··· Data records
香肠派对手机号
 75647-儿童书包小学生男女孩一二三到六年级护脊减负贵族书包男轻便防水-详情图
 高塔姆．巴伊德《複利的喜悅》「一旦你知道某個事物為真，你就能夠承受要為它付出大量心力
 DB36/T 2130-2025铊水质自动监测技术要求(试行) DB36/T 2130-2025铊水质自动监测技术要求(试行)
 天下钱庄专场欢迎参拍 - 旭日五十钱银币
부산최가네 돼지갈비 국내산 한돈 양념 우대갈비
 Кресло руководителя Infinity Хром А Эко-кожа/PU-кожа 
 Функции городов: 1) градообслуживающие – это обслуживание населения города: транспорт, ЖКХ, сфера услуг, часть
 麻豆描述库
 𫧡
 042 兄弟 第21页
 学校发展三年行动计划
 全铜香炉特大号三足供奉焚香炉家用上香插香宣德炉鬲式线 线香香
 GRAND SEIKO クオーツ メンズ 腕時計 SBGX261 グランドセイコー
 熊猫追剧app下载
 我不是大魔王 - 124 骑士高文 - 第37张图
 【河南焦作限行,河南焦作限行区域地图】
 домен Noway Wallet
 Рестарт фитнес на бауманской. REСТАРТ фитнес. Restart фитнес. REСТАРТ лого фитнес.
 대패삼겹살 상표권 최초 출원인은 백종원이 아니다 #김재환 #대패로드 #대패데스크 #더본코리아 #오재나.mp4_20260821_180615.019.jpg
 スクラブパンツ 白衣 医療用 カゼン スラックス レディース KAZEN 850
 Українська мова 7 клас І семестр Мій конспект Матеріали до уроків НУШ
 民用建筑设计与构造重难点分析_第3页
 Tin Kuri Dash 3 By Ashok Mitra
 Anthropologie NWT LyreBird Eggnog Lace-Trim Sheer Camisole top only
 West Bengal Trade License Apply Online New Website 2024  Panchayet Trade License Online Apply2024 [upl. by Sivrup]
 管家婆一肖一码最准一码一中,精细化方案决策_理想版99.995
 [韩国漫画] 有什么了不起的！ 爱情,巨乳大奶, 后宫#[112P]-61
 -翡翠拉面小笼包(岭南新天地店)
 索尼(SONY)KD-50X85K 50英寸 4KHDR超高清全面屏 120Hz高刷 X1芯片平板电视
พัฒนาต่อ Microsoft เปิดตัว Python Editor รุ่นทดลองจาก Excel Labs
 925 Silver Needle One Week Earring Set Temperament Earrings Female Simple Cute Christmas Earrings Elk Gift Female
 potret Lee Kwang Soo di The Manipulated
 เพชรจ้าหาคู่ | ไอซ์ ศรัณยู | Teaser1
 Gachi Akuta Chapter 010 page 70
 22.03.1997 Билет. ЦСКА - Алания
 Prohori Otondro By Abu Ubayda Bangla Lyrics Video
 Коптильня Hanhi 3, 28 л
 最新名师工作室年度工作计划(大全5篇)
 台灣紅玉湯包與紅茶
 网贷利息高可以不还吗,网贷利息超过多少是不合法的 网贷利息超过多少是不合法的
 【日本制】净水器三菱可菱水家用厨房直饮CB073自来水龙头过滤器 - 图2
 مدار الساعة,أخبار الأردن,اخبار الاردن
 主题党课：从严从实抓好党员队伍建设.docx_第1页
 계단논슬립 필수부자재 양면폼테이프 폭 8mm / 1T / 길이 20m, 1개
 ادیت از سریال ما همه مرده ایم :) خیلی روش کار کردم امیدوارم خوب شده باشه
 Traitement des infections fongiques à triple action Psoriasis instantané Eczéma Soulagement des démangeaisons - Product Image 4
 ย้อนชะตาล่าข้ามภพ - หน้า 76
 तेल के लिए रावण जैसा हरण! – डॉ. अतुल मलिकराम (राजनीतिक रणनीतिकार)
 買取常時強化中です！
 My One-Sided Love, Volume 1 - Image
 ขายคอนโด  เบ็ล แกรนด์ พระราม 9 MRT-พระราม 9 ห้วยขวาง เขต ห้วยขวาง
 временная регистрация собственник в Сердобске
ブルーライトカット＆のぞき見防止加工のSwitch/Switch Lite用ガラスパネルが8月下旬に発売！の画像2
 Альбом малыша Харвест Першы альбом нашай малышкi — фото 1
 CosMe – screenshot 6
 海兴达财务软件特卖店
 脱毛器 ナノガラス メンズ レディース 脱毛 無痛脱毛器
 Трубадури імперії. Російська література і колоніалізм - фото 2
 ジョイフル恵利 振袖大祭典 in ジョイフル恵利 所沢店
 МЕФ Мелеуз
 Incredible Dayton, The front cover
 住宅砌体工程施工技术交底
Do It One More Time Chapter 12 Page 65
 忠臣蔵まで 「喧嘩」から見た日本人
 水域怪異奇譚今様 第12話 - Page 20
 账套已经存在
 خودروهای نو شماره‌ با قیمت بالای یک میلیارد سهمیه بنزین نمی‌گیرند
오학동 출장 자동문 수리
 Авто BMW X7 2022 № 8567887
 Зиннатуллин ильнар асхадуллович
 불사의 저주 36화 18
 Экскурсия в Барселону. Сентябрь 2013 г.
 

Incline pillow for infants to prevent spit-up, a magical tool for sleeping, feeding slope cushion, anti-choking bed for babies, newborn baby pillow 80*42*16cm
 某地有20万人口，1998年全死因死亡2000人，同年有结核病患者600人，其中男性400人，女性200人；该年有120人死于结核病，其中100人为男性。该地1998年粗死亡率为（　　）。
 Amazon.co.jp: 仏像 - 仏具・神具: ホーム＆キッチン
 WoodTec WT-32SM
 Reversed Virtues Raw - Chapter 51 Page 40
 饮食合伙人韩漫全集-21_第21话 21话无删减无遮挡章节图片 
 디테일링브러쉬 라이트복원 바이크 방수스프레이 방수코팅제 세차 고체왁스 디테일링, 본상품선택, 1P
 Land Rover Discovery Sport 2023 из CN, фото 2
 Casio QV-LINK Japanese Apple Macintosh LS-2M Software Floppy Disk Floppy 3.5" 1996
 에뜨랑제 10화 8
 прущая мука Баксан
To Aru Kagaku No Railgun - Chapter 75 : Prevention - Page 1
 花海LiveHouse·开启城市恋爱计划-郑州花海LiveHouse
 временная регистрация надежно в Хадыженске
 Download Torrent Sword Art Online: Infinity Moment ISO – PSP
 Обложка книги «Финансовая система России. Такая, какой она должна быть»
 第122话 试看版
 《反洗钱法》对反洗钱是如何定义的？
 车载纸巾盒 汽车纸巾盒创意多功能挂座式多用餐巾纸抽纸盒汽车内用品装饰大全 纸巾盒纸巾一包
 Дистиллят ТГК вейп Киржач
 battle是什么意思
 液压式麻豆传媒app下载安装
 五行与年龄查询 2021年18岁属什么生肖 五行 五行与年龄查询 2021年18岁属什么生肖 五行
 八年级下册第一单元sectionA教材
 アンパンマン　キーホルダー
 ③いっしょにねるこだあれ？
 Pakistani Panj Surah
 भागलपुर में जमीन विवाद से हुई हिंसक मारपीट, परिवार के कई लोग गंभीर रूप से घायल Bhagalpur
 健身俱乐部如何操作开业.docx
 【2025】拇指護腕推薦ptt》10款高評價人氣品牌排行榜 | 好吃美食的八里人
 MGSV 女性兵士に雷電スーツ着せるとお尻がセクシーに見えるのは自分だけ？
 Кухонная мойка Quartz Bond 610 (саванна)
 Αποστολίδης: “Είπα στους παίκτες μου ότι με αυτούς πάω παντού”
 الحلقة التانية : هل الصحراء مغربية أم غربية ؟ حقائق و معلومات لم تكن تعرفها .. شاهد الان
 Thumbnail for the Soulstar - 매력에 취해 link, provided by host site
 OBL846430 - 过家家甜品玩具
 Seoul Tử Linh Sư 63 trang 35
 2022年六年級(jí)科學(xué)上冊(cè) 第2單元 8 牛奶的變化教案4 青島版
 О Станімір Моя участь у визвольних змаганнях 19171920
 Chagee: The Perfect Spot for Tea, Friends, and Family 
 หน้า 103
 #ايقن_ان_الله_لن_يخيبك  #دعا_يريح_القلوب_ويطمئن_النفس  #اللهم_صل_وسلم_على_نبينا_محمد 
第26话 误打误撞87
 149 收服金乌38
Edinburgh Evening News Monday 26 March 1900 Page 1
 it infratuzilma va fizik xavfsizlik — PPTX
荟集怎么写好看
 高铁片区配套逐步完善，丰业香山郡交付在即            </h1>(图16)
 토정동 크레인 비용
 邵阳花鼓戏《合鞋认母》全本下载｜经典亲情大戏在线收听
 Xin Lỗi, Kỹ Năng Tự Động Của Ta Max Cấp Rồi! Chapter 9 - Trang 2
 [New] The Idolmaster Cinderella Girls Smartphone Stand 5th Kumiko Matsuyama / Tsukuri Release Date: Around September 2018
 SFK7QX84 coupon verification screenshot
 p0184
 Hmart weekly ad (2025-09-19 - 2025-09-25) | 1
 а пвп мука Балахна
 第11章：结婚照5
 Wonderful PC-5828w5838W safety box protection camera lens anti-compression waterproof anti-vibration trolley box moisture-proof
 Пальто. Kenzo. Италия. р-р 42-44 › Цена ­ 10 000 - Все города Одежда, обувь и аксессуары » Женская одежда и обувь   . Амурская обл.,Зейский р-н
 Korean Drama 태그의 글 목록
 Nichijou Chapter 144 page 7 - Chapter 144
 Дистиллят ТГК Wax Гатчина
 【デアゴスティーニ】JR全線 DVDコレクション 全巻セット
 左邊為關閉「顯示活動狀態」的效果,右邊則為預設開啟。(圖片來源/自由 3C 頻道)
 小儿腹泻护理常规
······
** Your task **
Your response should be the lines above from the first to the one containing "スクラブパンツ 白衣 医療用 カゼン スラックス レディース KAZEN 850", inclusive, each given exactly.

** Result **
香肠派对手机号
 75647-儿童书包小学生男女孩一二三到六年级护脊减负贵族书包男轻便防水-详情图
 高塔姆．巴伊德《複利的喜悅》「一旦你知道某個事物為真，你就能夠承受要為它付出大量心力
 DB36/T 2130-2025铊水质自动监测技术要求(试行) DB36/T 2130-2025铊水质自动监测技术要求(试行)
 天下钱庄专场欢迎参拍 - 旭日五十钱银币
부산최가네 돼지갈비 국내산 한돈 양념 우대갈비
 Кресло руководителя Infinity Хром А Эко-кожа/PU-кожа 
 Функции городов: 1) градообслуживающие – это обслуживание населения города: транспорт, ЖКХ, сфера услуг, часть
 麻豆描述库
 𫧡
 042 兄弟 第21页
 学校发展三年行动计划
 全铜香炉特大号三足供奉焚香炉家用上香插香宣德炉鬲式线 线香香
 GRAND SEIKO クオーツ メンズ 腕時計 SBGX261 グランドセイコー
 熊猫追剧app下载
 我不是大魔王 - 124 骑士高文 - 第37张图
 【河南焦作限行,河南焦作限行区域地图】
 домен Noway Wallet
 Рестарт фитнес на бауманской. REСТАРТ фитнес. Restart фитнес. REСТАРТ лого фитнес.
 대패삼겹살 상표권 최초 출원인은 백종원이 아니다 #김재환 #대패로드 #대패데스크 #더본코리아 #오재나.mp4_20260821_180615.019.jpg
 スクラブパンツ 白衣 医療用 カゼン スラックス レディース KAZEN 850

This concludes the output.